Section Chair Eric Gsell, of Dolby Laboratories, introduced the topic of "The Emerging role and Current State of Pre-visualization in Production" to an 85 person audience of SMPTE members and guests. Eric then introduced Garrett Smith, Vice President of Production Technology at Paramount Pictures. Mr. Smith led a distinguished succession of industry professionals speaking to the context of coordinating artistic and technical services through Pre-visualization (Pre-vis), Virtual Production and Post-visualization (Post-vis), and visual effects, as may be used for motion picture or television storytelling.

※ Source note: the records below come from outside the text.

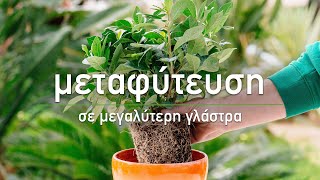 🌱 Μεταφύτευση φυτών σε μεγαλύτερη γλάστρα - Τα Μυστικά του Κήπου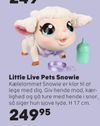 Little Live Pets Snowie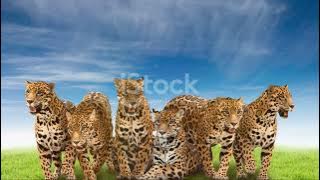 Discovering Paraguay's Jaguars: The Elusive Kings of the Jungle #animal2024 #wildlife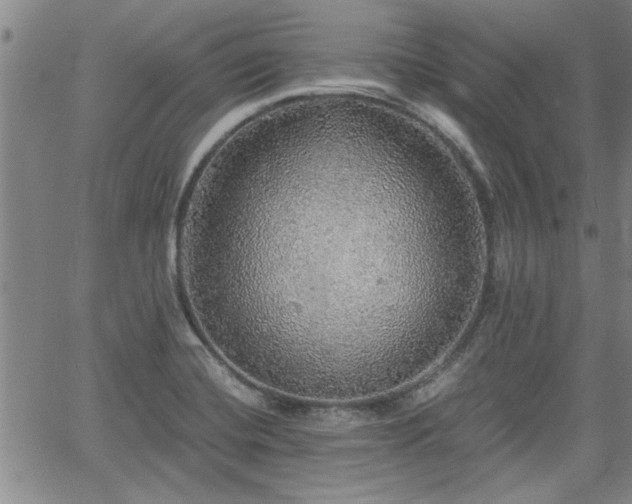 X0000058781420200510031008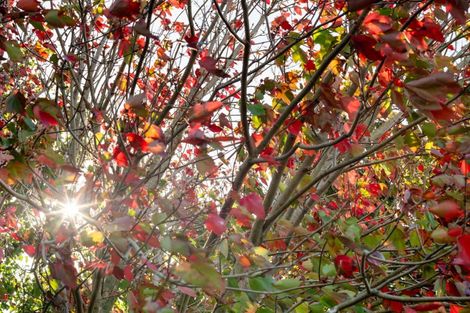 Photo of property in 43 Double Bay Road, Pyes Pa, Tauranga, 3112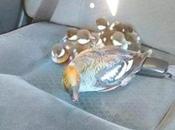 Good Deed Day: Canadian Driver Rescues Duck Family, Drives Them River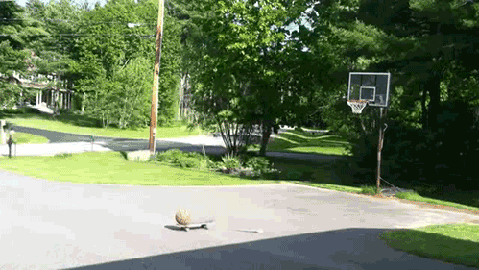 Bicycle, skateboard, basketball trick shot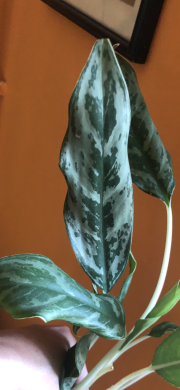 Aglaonema Grayhound - řizek z kořeni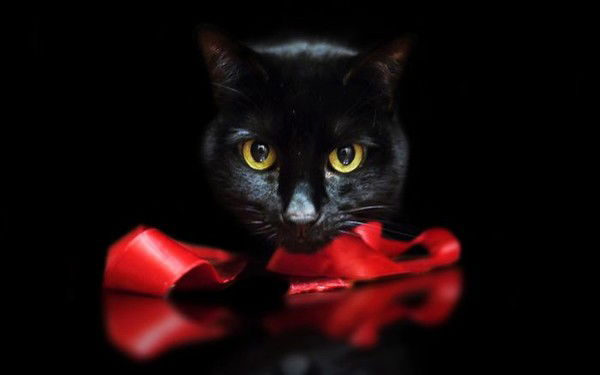 Оля Диденко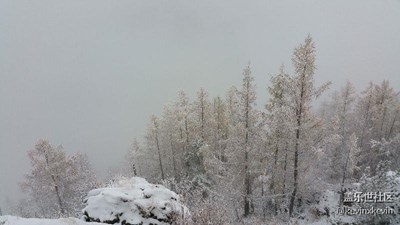 【帶著手機(jī)去撒歡兒】霧鎖喀納斯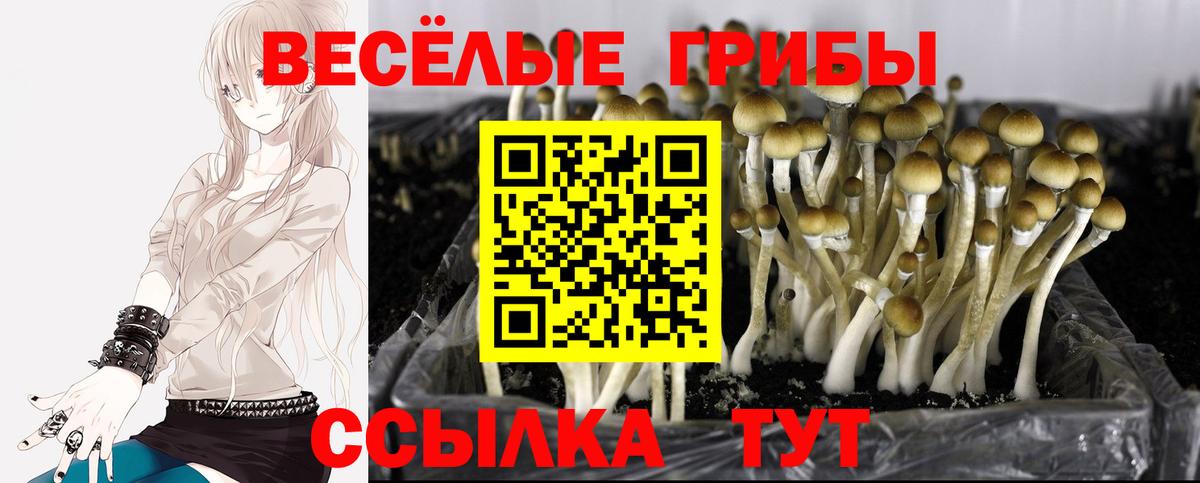 Галлюциногенные грибы мухоморы Москва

The presenters were Ron Frankel, of Proof Inc, and one of the founders of the Pre-visualization Society; Colin Green, from Pixel Liberation Front, President and a co-founder of the Pre-visualization Society; David Morin, from Autodesk, Co-Chair of the Virtual Production Committee; John Scheele, a VFX Supervisor and Co-Chair of the Virtual Production Committee; Thomas Tannenberger, from Gradientfx, VFX Supervisor and Co-Creator of the company GLoW, for Gradient Location Optimized Workflow; and Marc Weigert, a VFX Supervisor on the films 2012 and Anonymous, and CEO of Uncharted Territories. Garrett Smith first introduced Colin Green, who showed the audience many early video clip examples of computer and model-based pre-visualization, including a Levi's commercial rendered from wireframe layouts, and other scenes from the LucasFilm Star Wars trilogy. Several video examples were shown from Industrial Light and Magic’s production design and effects development, such as showing progressions for action sequences from flat art two dimensionally hand drawn storyboards to early stage computer generated three dimensional pre-visualizations, and then into the final film with full rendered objects, textures, and effects.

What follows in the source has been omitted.